I grew up on The Little House books and then read them again with my daughter. So now, even knowing that the history of the pioneers is a lot more complex than is portrayed from the white settler viewpoint, and that the rugged individualist mythos has morphed into something both dangerous and pathetic in the modern era – nevertheless, there is still something compelling about a well-told, human-against-nature narrative. A pioneer story.
But now throw into the mix a man with a whole lot of emotional baggage. And make the setting 1950s Alaska instead of the mid-1800s, and you have Homestead by Melinda Moustakis. This literary historical novel is superb.
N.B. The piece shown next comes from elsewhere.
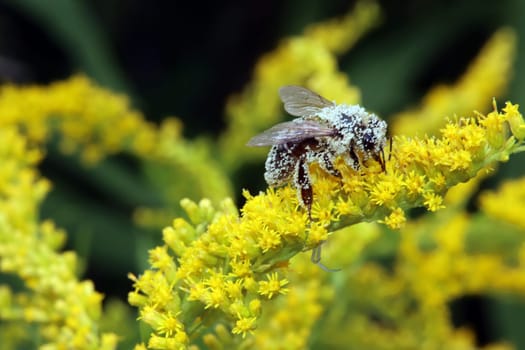 mit Pollen bedeckte Biene auf einer Kanadische Goldrute (Solidago canadensis)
Lawrence is a 27-year-old Korean War veteran with survivor’s guilt. Also, he was raised in crushing poverty, so that left scars. Farming is what he knows. So after he returned home from the war, he set out for Alaska Territory to lay claim to 150 acres. He has to build a cabin and grow 20 acres of a crop to earn his deed to the land. He wants a wife and a whole brood of children. He wants something to call his.Marie is a young Texan with a flighty mother, an embittered grandmother, no father, and an older sister, Sheila, who practically raised her. When Sheila moves to Anchorage with her husband, Marie follows her, determined not to be trapped into a Texas marriage to suit her grandmother. Marie wants a place to belong.
They meet one night in a bar, exchanging very few words. They have one date the following day. And then, they are married. Now, they have to discover who they have married and if it was a mistake.
It is a hard life. Isolated. Cold. Poor. Dangerous. But the hardest part is building a relationship when there is very little communication and very little reason to trust.
The prose is lush when describing the landscape. It is spare when portraying emotions – yet the emotions are deeply felt. While the plot is fairly simple and the pace leisurely, the story is utterly gripping.